▸ Source data
=== Begin Enclosure ===

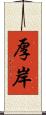 厚岸 Scroll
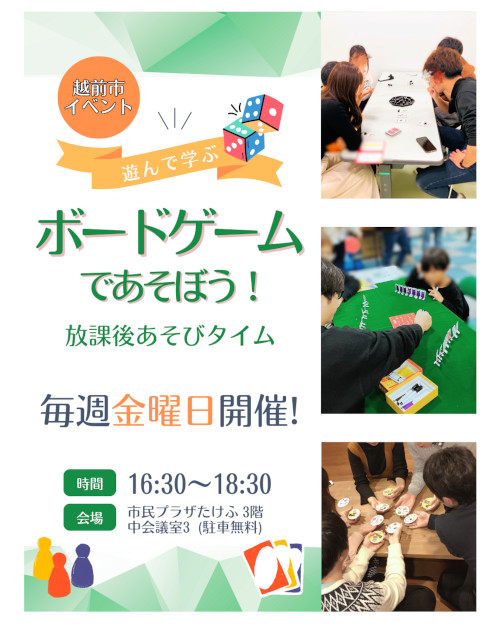 ボードゲーム体験会「放課後あそびタイム」 メイン画像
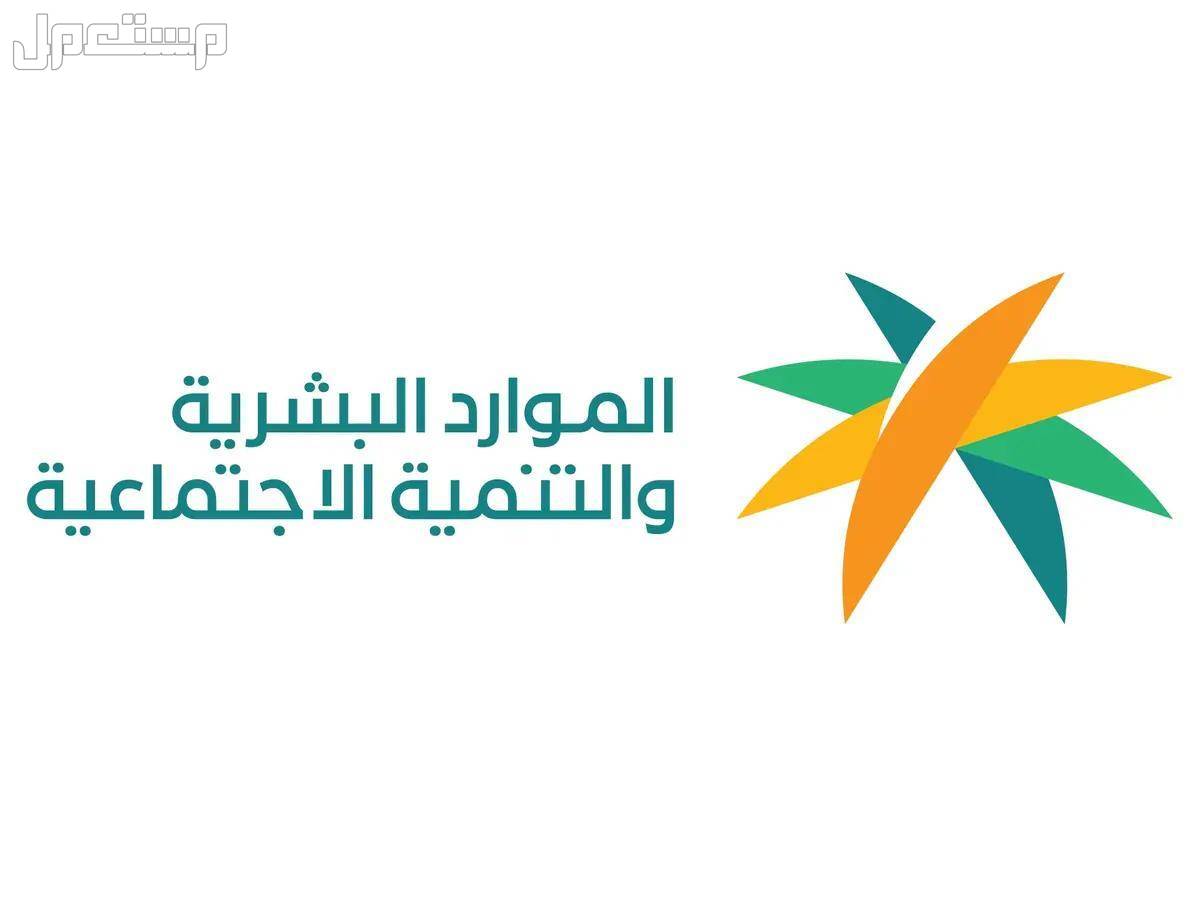 حقيقة صرف زيادة ملكية لمستفيدي الضمان شهر سبتمبر 2024 لوجو وزارة الموارد البشرية والتنمية الإجتماعية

=== End Enclosure ===

Copy each line above exactly, with no images.

 厚岸 Scroll
 ボードゲーム体験会「放課後あそびタイム」 メイン画像
 حقيقة صرف زيادة ملكية لمستفيدي الضمان شهر سبتمبر 2024 لوجو وزارة الموارد البشرية والتنمية الإجتماعية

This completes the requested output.